Já para não falar na exclusão de poetas (até tendo em conta a inclusão de outros) como, António Feijó, José Blanc de Portugal, Guilherme de Faria, Saúl Dias, António Salvado, Edgar Carneiro, Ernesto Sampaio, António Barahona, Vergílio Alberto Vieira, José Sebag, Manuel da Silva Ramos, Nuno de Figueiredo ou Carlos Bessa, isto só para citar nomes (poderia ainda referir mais alguns) que encarnam o número do azar (13) e que poderiam perfeitamente ter sido incluídos.

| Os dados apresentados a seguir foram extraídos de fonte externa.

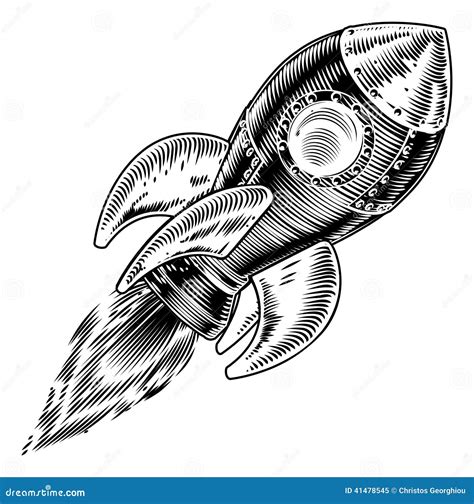 Rocket Ship Stock Vector - Image: 41478545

Concluindo (apesar de ser sempre mais cómodo, estar no exterior, do que no centro, de uma tarefa como esta), estamos perante uma antologia em que aos organizadores terá que ser atribuído o mérito de terem conseguido juntar mais de dois mil poemas (ou fragmentos deles) de 267 poetas, num arco temporal de oito séculos, mas que até devido a tal facto, deveriam em determinadas situações, por um lado, ter sido mais exigentes consigo próprio e por outro, não acharem que este jardim (pequeno jardim) da poesia portuguesa, aceita ou aceitará qualquer planta, só porque é regada em abundância (aliás, "água de mais mata a planta").

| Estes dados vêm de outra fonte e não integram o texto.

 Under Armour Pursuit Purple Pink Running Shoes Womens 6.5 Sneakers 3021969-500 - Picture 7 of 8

P.S. - Se a antologia terminou com Pedro Mexia que nasceu em 1972 e que publicou pela primeira vez em 1999 - ficamos sem ter a certeza, se não ter terminado com um poeta nascido em 1974, o mais lógico (uma vez que seria terminar um ciclo temporal numa data importante, não só da sociedade, mas também, da literatura portuguesa) ou publicado pela primeira vez em 2000, se deveu ao facto de ter sido assumido o objectivo de não incluir Manuel de Freitas?
Dois poemas de Manuel Gusmão (1 poema) e Daniel Maia-Pinto Rodrigues (23 páginas na antologia – como disse numa carta que me escreveu em 2006, Herberto Helder: “E eu que ainda não li todos os gregos”):
.
A velocidade da luz
.
Há, houve uma rotação do teu corpo
e há qualquer coisa de irreparável
que me fizeste quando rodaste no mundo –
o quase homem aposta tudo em que voltará.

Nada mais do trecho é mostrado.